*What you will do*: For this exercise, restate word for word only the lines from the one containing "Pilot Cantik dan" through the last line below. Pictures do not get copied.

(Stored data entries)

----

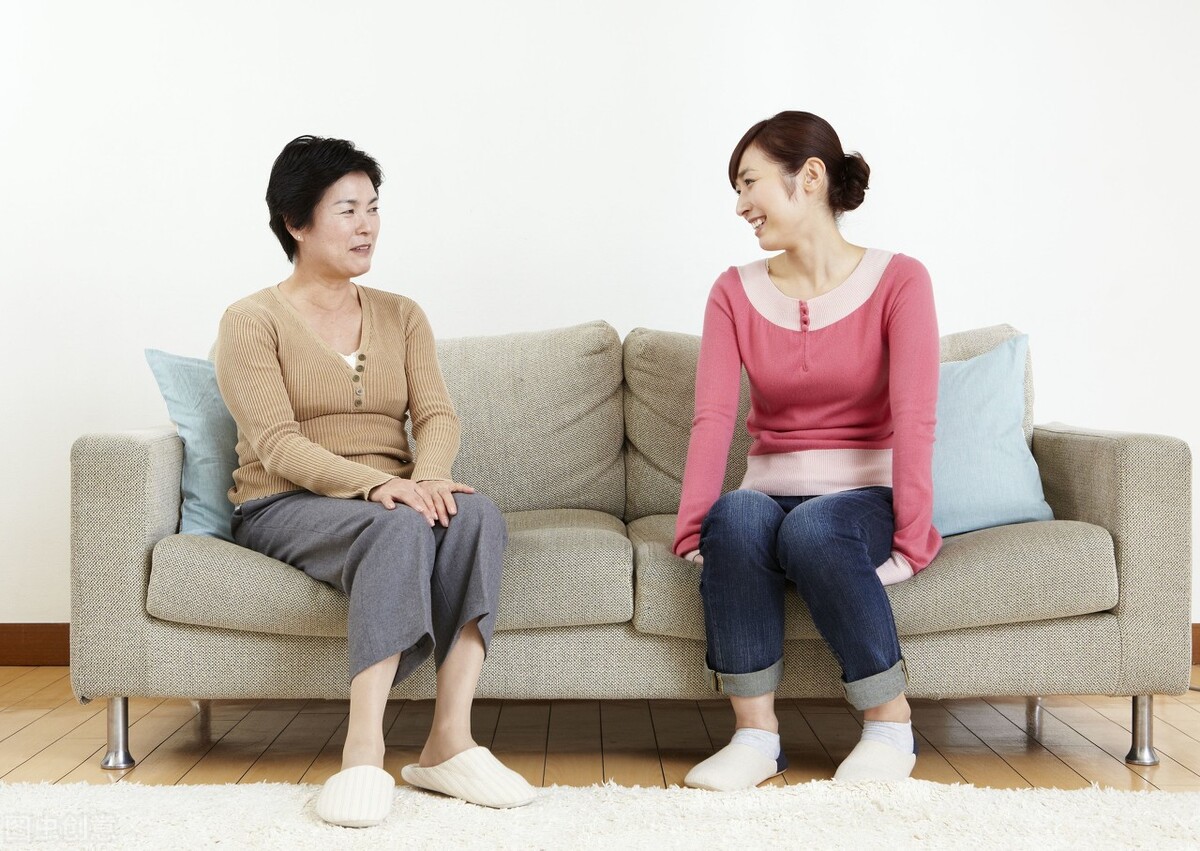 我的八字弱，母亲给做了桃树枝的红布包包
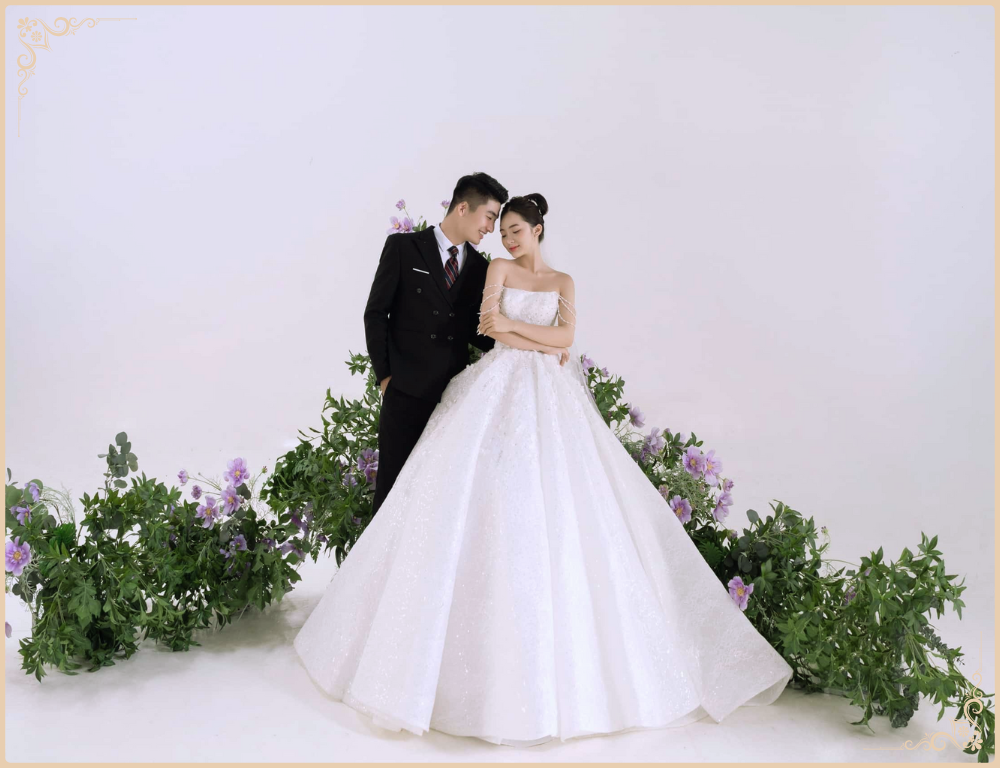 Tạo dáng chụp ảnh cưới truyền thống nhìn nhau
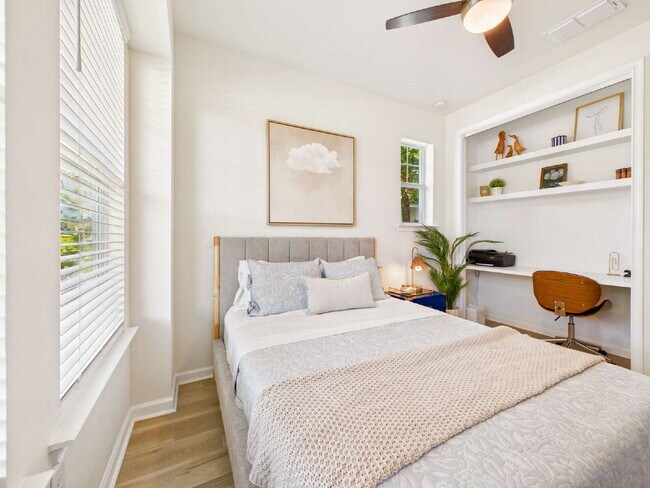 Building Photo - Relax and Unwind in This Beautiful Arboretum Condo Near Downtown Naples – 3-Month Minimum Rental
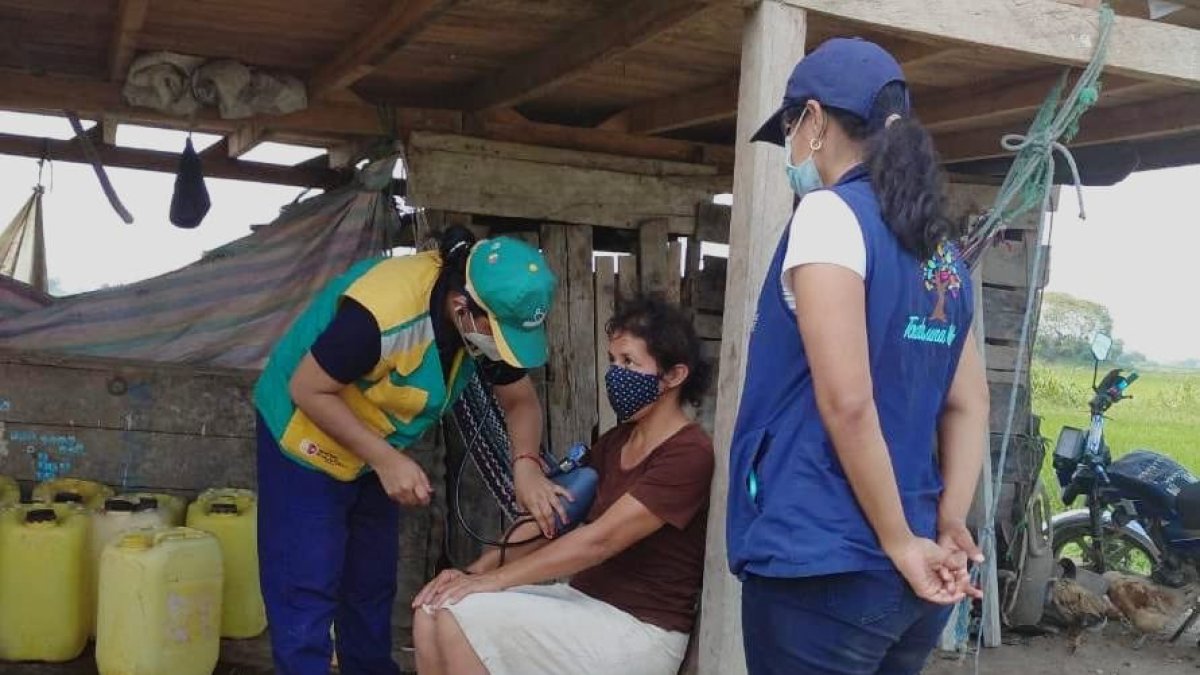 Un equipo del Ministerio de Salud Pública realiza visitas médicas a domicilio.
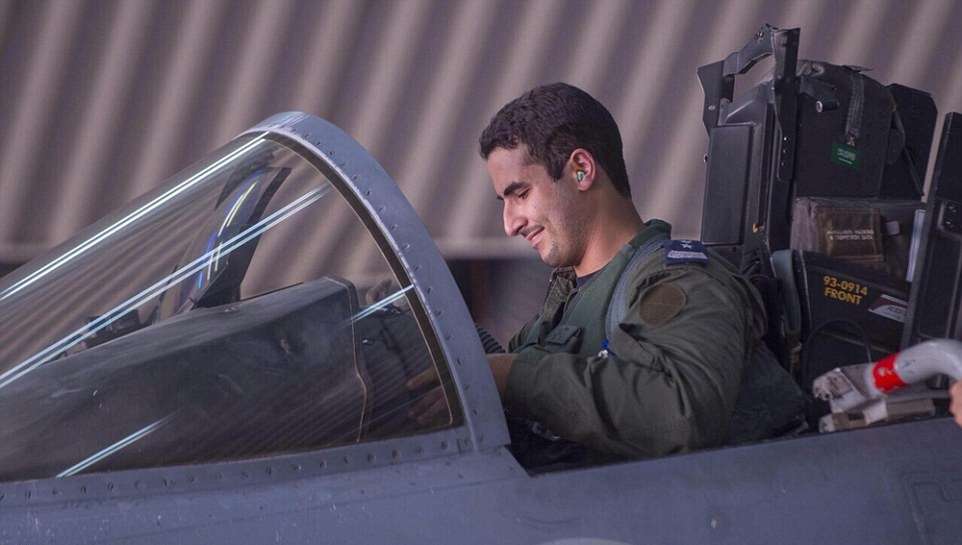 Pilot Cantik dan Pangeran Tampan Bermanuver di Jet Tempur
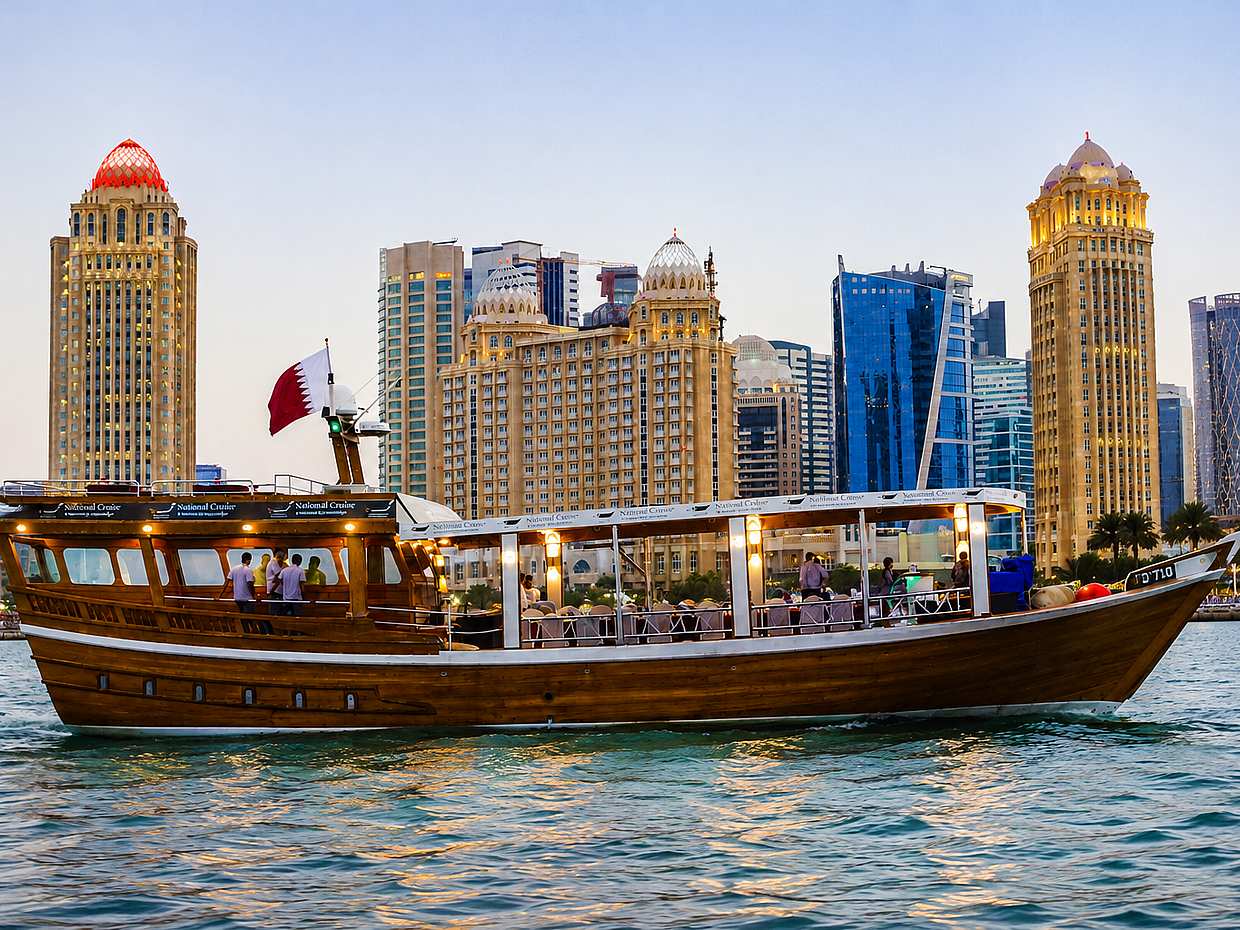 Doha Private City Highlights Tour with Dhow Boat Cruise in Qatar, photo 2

----

*Expected answer*:
 Pilot Cantik dan Pangeran Tampan Bermanuver di Jet Tempur
 Doha Private City Highlights Tour with Dhow Boat Cruise in Qatar, photo 2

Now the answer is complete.